++++ RECORDS TO USE

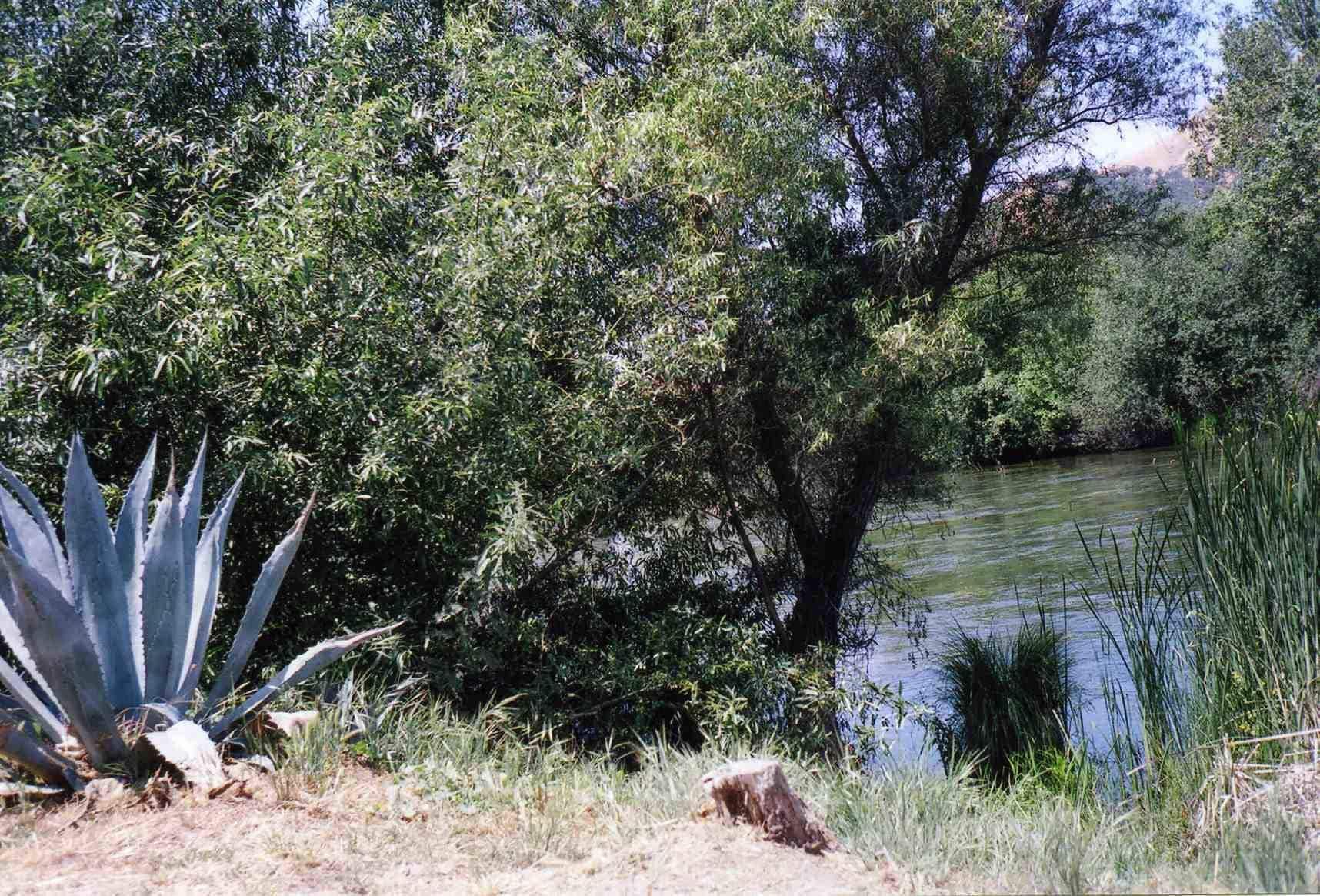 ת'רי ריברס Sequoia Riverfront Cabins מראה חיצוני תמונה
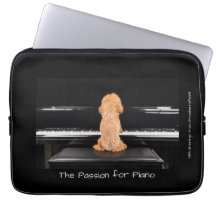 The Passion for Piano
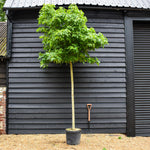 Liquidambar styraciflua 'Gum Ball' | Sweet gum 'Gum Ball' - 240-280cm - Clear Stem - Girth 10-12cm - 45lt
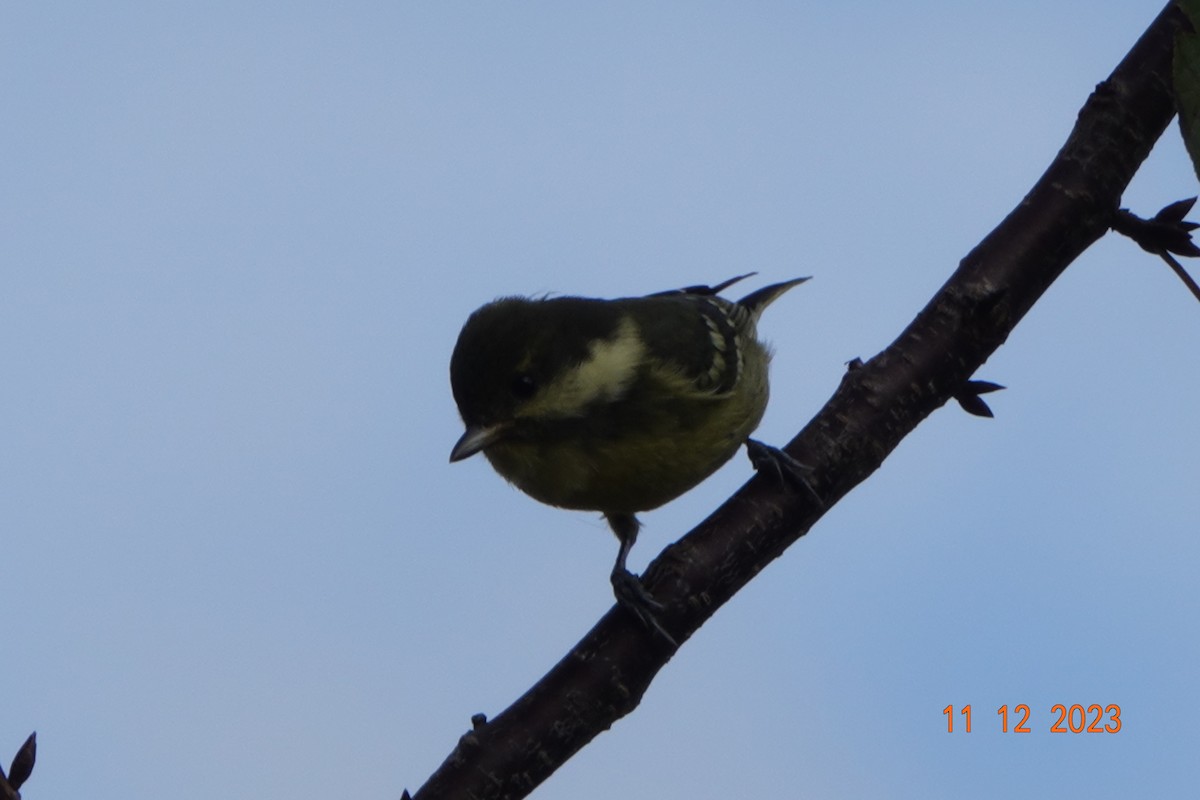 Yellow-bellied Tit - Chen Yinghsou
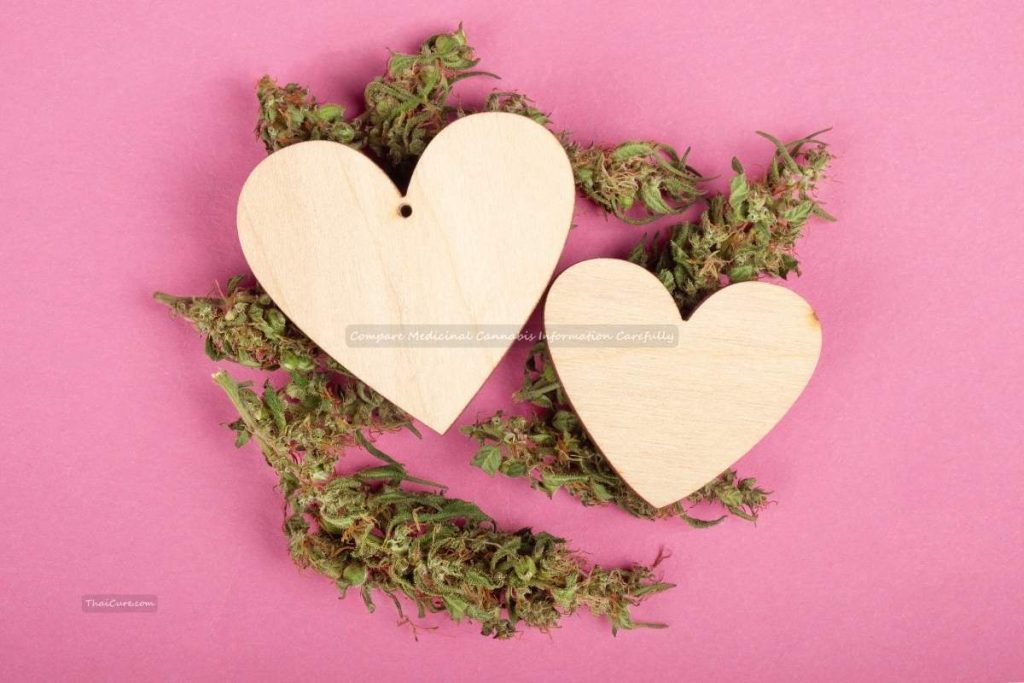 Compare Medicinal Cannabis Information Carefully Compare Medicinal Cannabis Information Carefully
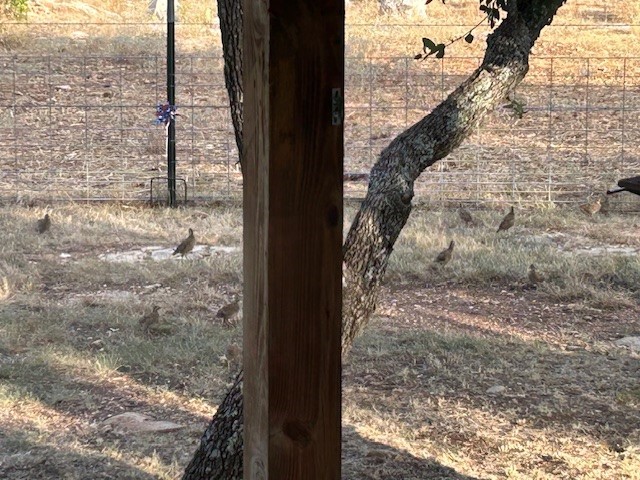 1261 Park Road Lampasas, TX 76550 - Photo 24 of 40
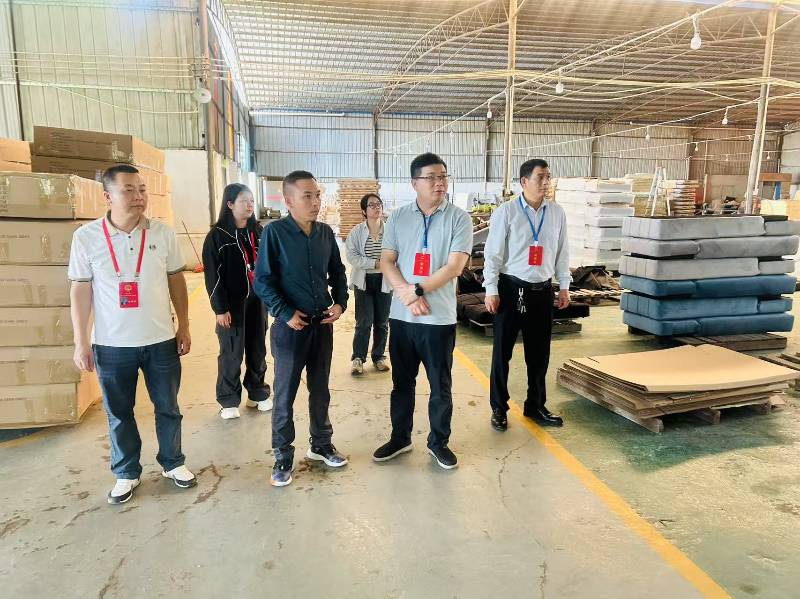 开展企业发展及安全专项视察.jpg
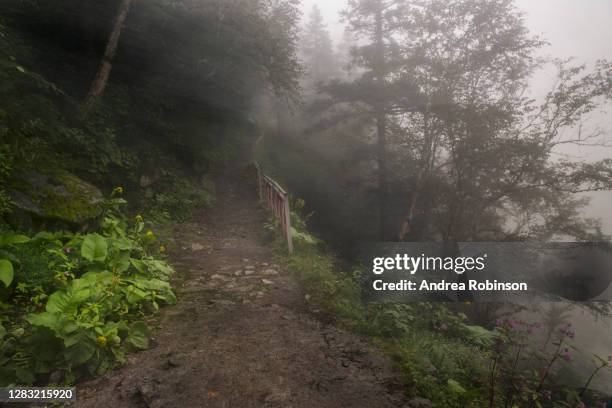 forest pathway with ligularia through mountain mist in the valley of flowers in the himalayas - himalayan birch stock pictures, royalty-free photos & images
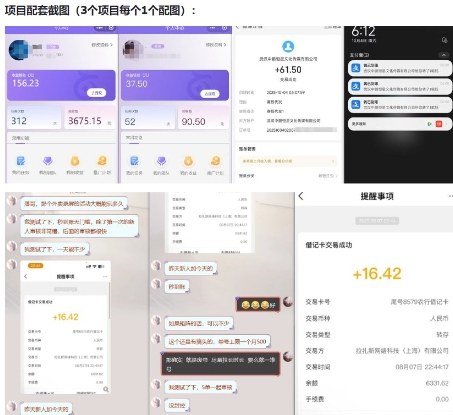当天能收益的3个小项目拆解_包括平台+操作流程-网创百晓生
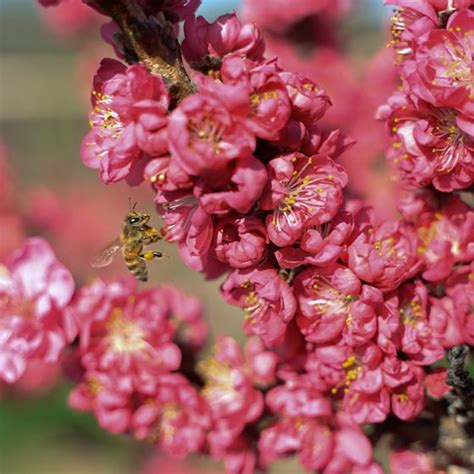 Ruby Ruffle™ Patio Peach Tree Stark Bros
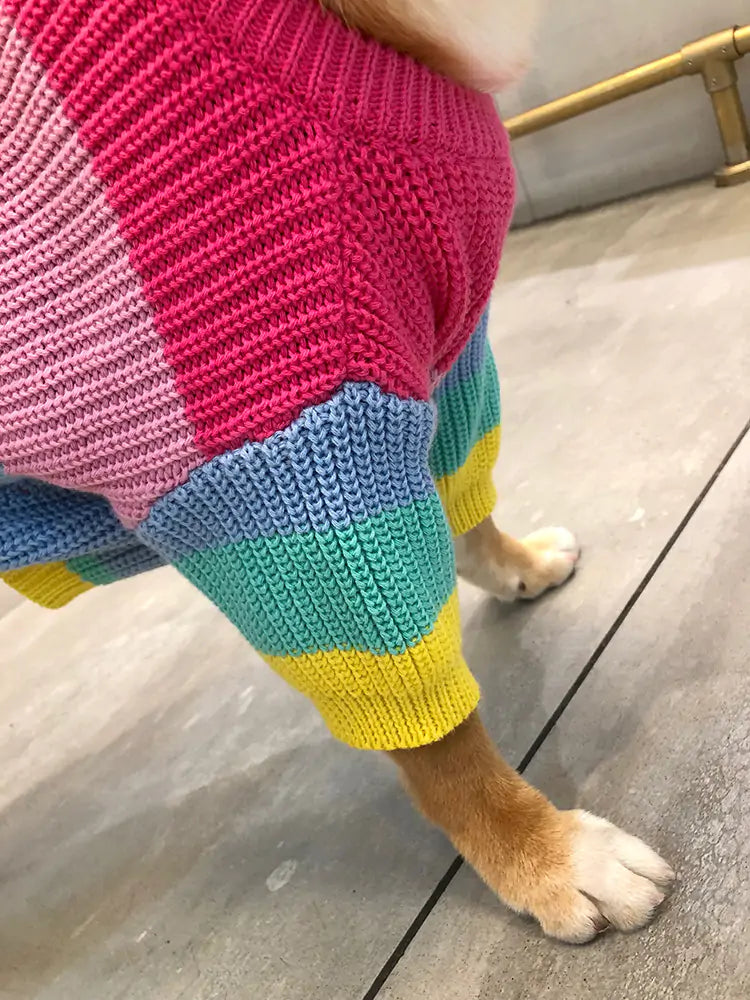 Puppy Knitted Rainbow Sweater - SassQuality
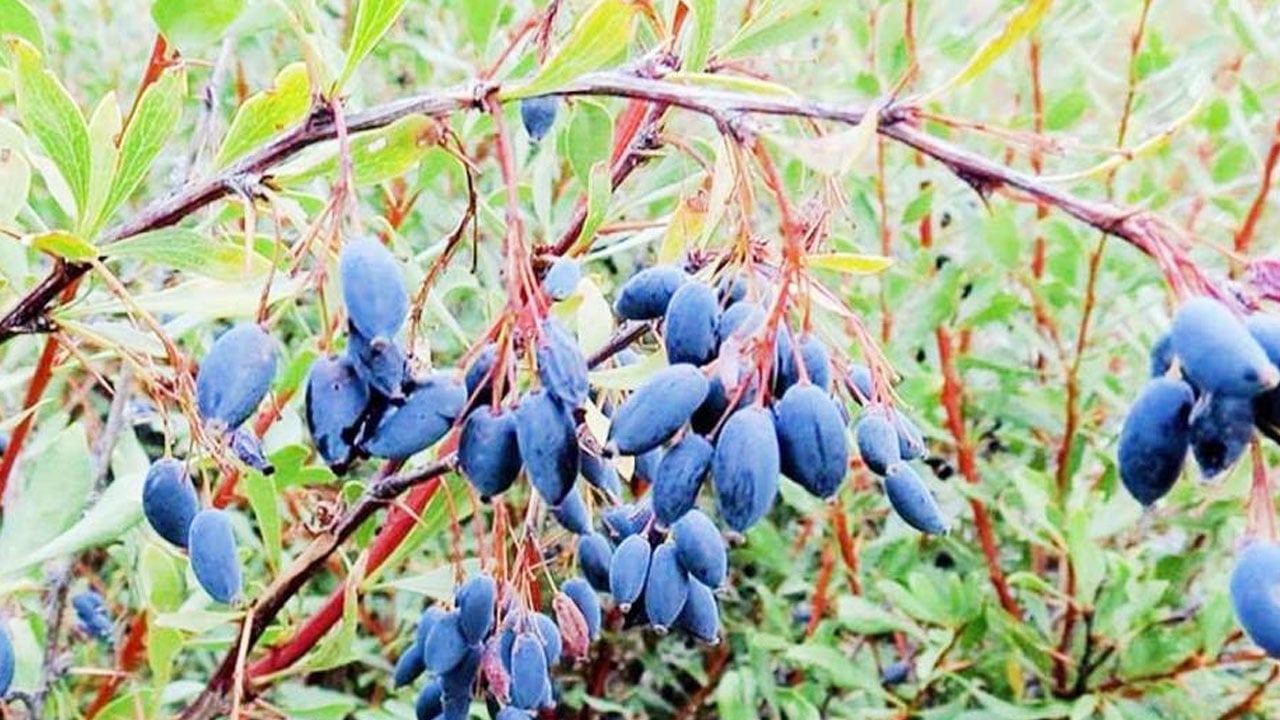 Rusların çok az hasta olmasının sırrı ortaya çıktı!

++++++++

» TASK DETAILS:
Please quote exactly the run of lines that starts the entries and ends at the line containing "Puppy Knitted Rainbow Sweater - SassQuality", leaving out every picture.

» RESULT:
 ת'רי ריברס Sequoia Riverfront Cabins מראה חיצוני תמונה
 The Passion for Piano
 Liquidambar styraciflua 'Gum Ball' | Sweet gum 'Gum Ball' - 240-280cm - Clear Stem - Girth 10-12cm - 45lt
 Yellow-bellied Tit - Chen Yinghsou
 Compare Medicinal Cannabis Information Carefully Compare Medicinal Cannabis Information Carefully
 1261 Park Road Lampasas, TX 76550 - Photo 24 of 40
 开展企业发展及安全专项视察.jpg
 forest pathway with ligularia through mountain mist in the valley of flowers in the himalayas - himalayan birch stock pictures, royalty-free photos & images
当天能收益的3个小项目拆解_包括平台+操作流程-网创百晓生
 Ruby Ruffle™ Patio Peach Tree Stark Bros
 Puppy Knitted Rainbow Sweater - SassQuality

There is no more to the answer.